Après l'effondrement américain en Indochine et devant les incertitudes qui pèsent sur l'avenir de cette région, Tokyo manœuvre en souplesse et rééquilibre ses rapports en Asie du Sud-Est de façon à sauvegarder des positions économiques importantes pour son industrie. La même attitude prudente peut être notée dans les relations de Tokyo avec Pékin et Moscou tandis que le Japon se préoccupe de l'avenir de la péninsule coréenne et qu'il obtient, au prix de contreparties que l'on aperçoit, confirmation de l'engagement américain en Extrême-Orient.

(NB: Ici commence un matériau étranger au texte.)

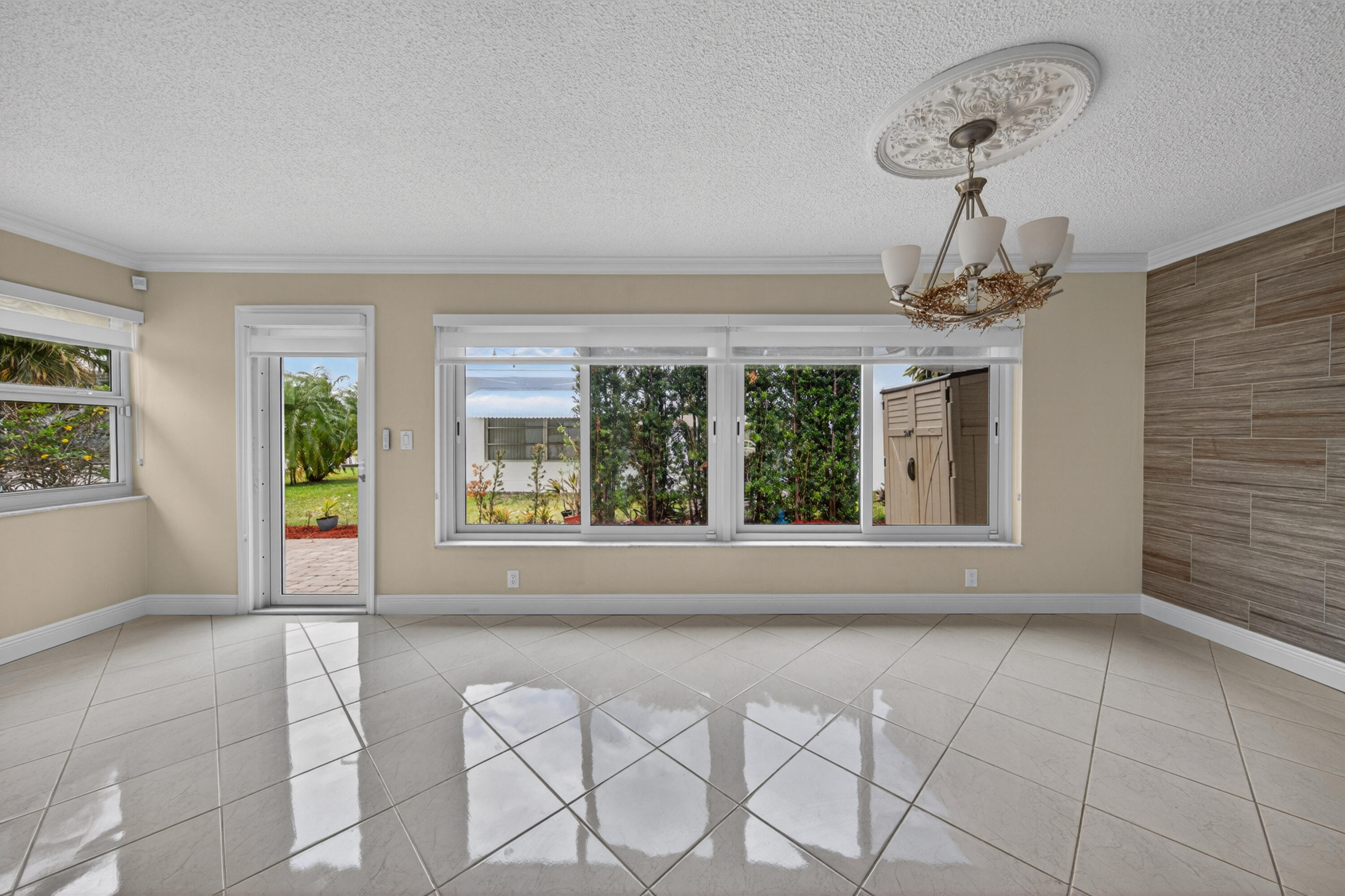 LEISUREVILLE SECOND SEC - Residential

Le Japon et l'après-Vietnam
Les « dominos » du Sud-Est asiatique tiendront-ils ? Quel sera le poids de la puissance militaire et, à plus long terme, économique du Vietnam dans la péninsule indochinoise et au-delà ? Quelles seront les relations de l’U.R.S.S. et de la Chine avec le Vietnam et quelle sera leur place dans les autres pays de la région ? Quelle extension prendra le retrait de la présence américaine dans le Sud-Est asiatique ? Dans quelles conditions s’effectuera-t-il ? Quel sera le redéploiement de la stratégie américaine en Extrême-Orient et singulièrement en Asie du Nord-Est et à Taïwan ?

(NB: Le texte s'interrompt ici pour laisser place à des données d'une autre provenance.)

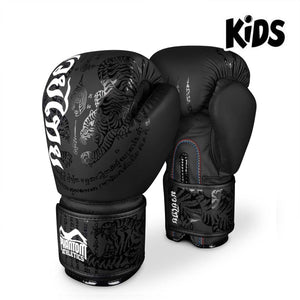 Die Phantom Athletics Kinder Boxhandschuhe – Muay Thai bieten jungen Kämpfern optimalen Schutz und Komfort beim Training und Sparring.
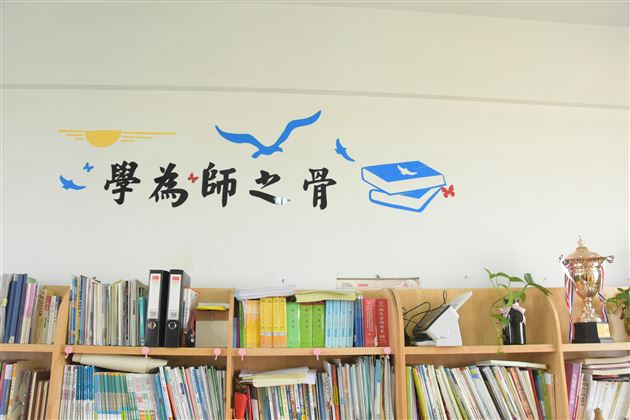 优雅的环境带来美丽的心情——我校初中部开展“文明办公室”评比活动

Telles sont quelques-unes des questions que le monde se pose après le changement de pouvoir à Saïgon, à Phnom Penh et à Vientiane. Ces questions, le Japon les ressent avec une acuité particulière. Géographiquement, en effet, il est proche de la péninsule indochinoise et ses liens avec les États de la région sont nombreux et étroits. Mais il constitue aussi un élément important du dispositif stratégique américain en Extrême-Orient et plus particulièrement en Asie du Nord-Est. Enfin, il est depuis plusieurs années en négociation avec les deux principaux alliés d’Hanoï, la Russie et la Chine, pour définir ses relations avec eux. Aussi, la réflexion que suscite à Tokyo la fin du conflit indochinois dépasse-t-elle largement le cadre de l’Asie du Sud-Est pour toucher également à la place du Japon vis-à-vis des États-Unis en Extrême-Orient et à ses rapports avec ses deux grands voisins communistes.

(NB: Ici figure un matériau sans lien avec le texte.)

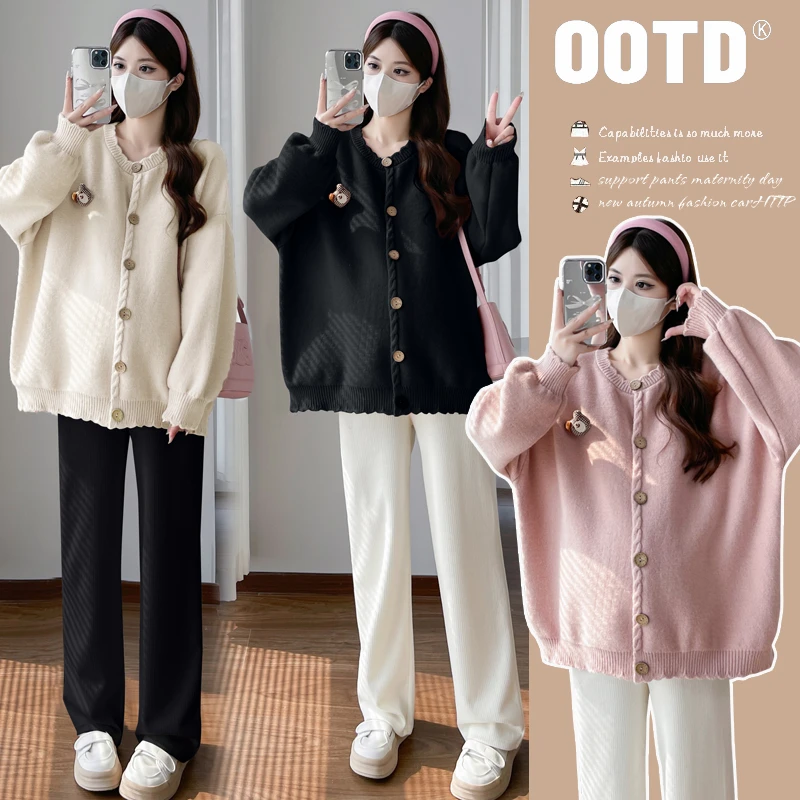 2025大版型孕妇装春秋新款刺绣针织长袖开衫外穿单排扣卡通小熊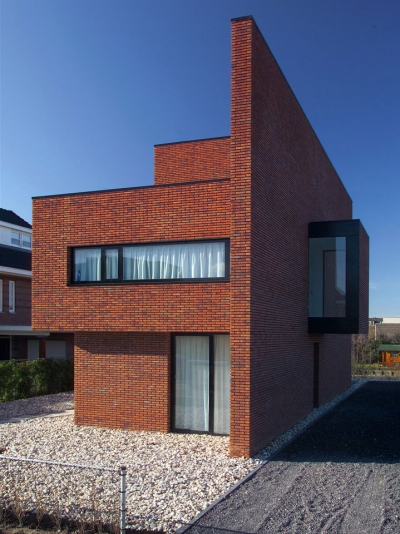 Brick Wall House 123DV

Depuis la deuxième guerre mondiale, l’engagement politique du Japon en Asie du Sud-Est est resté très limité. Sans doute faut-il voir dans cette prudence autant le peu de goût des Japonais pour les prises de position tranchées que leur préoccupation de discrétion pour éviter de réveiller dans la région les souvenirs de la seconde guerre mondiale. Il convient d’ajouter que les rares initiatives que le Japon a prises ces dernières années ne l’ont pas placé en position favorable vis-à-vis des nouveaux maîtres de la péninsule indochinoise.